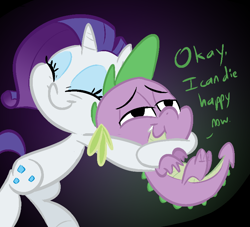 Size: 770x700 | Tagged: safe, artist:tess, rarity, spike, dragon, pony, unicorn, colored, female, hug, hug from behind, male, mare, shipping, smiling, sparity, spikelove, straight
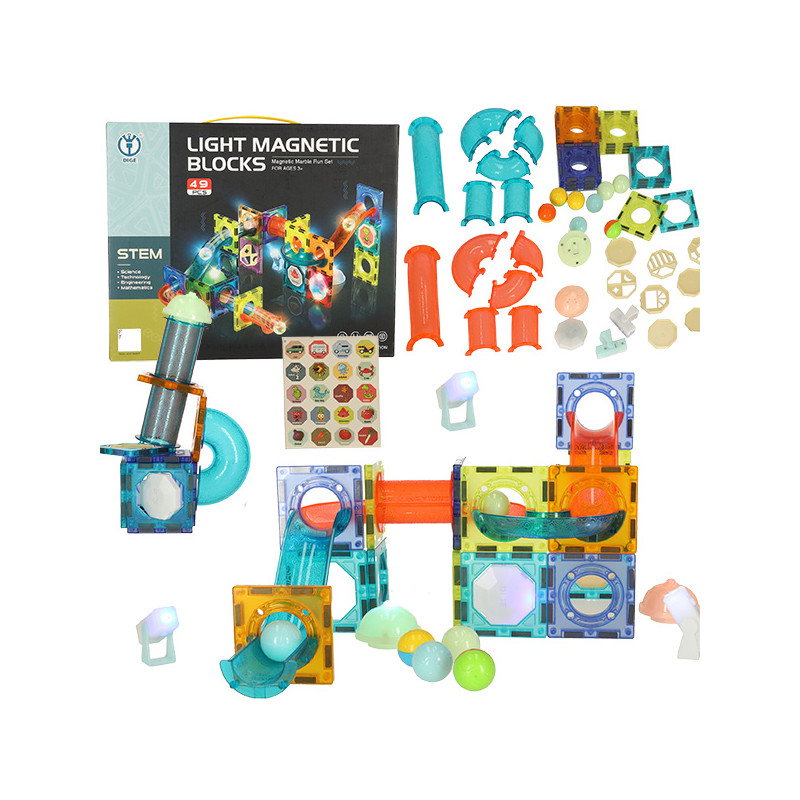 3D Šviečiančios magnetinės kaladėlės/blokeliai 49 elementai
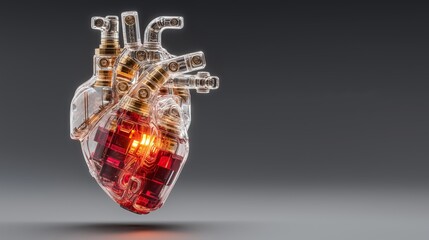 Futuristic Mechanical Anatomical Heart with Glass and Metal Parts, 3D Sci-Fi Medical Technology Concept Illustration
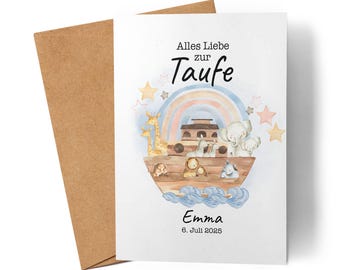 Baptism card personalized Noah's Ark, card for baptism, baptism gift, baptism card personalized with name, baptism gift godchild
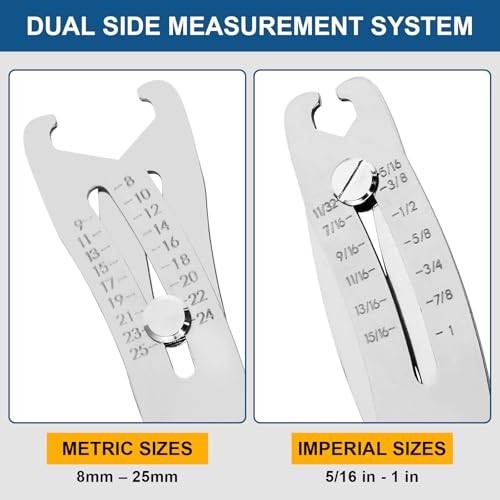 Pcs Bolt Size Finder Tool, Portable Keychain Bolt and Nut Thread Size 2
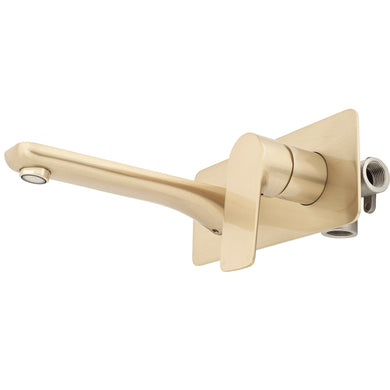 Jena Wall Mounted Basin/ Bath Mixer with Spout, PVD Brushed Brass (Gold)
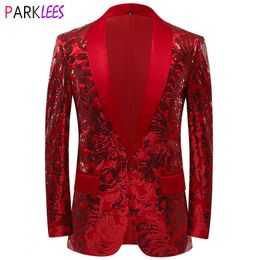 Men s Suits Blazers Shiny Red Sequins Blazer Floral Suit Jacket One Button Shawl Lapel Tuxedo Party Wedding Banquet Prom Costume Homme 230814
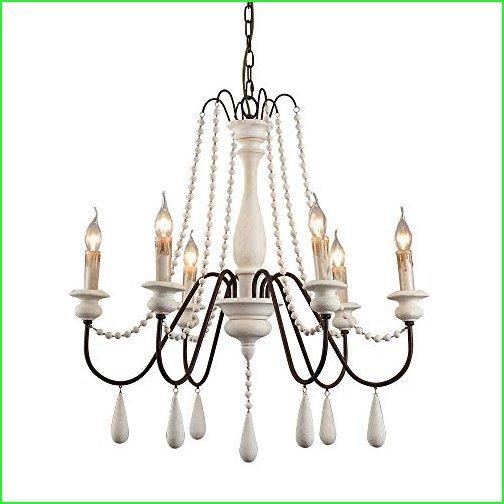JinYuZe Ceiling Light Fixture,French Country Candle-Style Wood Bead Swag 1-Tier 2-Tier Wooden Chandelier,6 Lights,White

_Task item:_ Exactly and only the lines from the one holding "Jena Wall Mounted" through the final line of the material must be returned, both ends included, without any pictures.

_Answer box:_
 Jena Wall Mounted Basin/ Bath Mixer with Spout, PVD Brushed Brass (Gold)
 Men s Suits Blazers Shiny Red Sequins Blazer Floral Suit Jacket One Button Shawl Lapel Tuxedo Party Wedding Banquet Prom Costume Homme 230814
JinYuZe Ceiling Light Fixture,French Country Candle-Style Wood Bead Swag 1-Tier 2-Tier Wooden Chandelier,6 Lights,White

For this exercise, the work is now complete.